6.2. Voor zover klaagster de notaris verwijt dat hij verdere geen actie heeft ondernomen op het moment dat hem bekend werd dat er drie bestuursleden waren en dat dit niet in overeenstemming was met de inschrijving in het handelsregister, volgt het hof de kamer in haar overweging dat het de plicht van het bestuur zelf is om zorg te dragen voor een juiste inschrijving van al zijn bestuursleden in het handelsregister. In dit geval heeft de notaris door de bestuursleden te wijzen op hun desbetreffende plicht, gedaan wat redelijkerwijs van hem in deze omstandigheden verwacht mocht worden. Bovendien is noch gesteld noch gebleken dat de notaris door klaagster is voorzien van een desbetreffend benoemingsbesluit, noch dat hem opdracht tot inschrijving van Dolk in het handelsregister als bestuurslid is gegeven.
6.3. Gezien het vorenstaande is het hof met de kamer van oordeel dat de klacht van klaagster in alle onderdelen ongegrond is.
6.4. Hetgeen partijen verder nog naar voren hebben gebracht, kan als in het voorgaande reeds behandeld dan wel als thans niet ter zake dienend buiten beschouwing blijven.

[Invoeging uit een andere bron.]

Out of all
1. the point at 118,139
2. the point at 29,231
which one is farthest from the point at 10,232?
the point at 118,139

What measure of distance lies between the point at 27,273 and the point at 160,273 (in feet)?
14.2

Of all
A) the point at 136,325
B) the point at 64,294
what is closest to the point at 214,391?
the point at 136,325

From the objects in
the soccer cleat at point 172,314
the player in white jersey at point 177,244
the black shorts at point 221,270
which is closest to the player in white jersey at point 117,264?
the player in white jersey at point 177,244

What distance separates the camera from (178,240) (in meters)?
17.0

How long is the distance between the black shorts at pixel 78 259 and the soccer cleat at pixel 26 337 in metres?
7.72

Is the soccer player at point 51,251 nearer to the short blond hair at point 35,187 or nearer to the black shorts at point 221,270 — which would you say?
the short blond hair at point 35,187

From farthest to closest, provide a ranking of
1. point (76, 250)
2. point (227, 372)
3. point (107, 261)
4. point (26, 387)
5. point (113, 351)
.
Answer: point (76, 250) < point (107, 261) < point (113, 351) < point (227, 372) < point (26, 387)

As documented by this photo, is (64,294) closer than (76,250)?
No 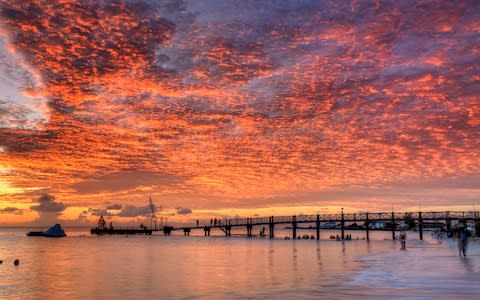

6.5. Het hiervoor overwogene leidt tot de volgende beslissing.
7. De beslissing
Het hof:
– bekrachtigt de bestreden beslissing.
….
Kamer van toezicht over de notarissen en kandidaat-notarissen te Dordrecht
…
2.6.
Ten tijde van het passeren van de akte stonden alleen de heren [H.] en [K.] als bestuurders van klaagster ingeschreven in het handelsregister van de Kamer van Koophandel. De notaris heeft na het passeren van de akte aan de heren [H.] en [K.] een inschrijvingsformulier verstrekt dat gebruikt kon worden voor de inschrijving van mevrouw [D.] in het handelsregister. Op 16 november 2010 vond deze inschrijving plaats.
3Klacht en het verweer
3.1.
De klacht strekt tot het treffen van de sanctie dat de notaris de akte van 12 november 2010 kosteloos dient te herstellen. Klaagster stelt daartoe dat die akte niet mede is ondertekend door haar secretaris, zodat klaagster daarin gelet op haar statuten niet op de juiste wijze is vertegenwoordigd. Volgens klaagster is de akte van 12 november 2010 daarmee nietig waardoor zij het beoogde recht van opstal niet heeft verkregen en weigert de notaris ten onrechte om de akte kosteloos te herstellen.
3.2.
De notaris betwist gemotiveerd de klacht. Op de stellingen van de notaris en de klaagster wordt hierna, voor zover van belang, nader ingegaan.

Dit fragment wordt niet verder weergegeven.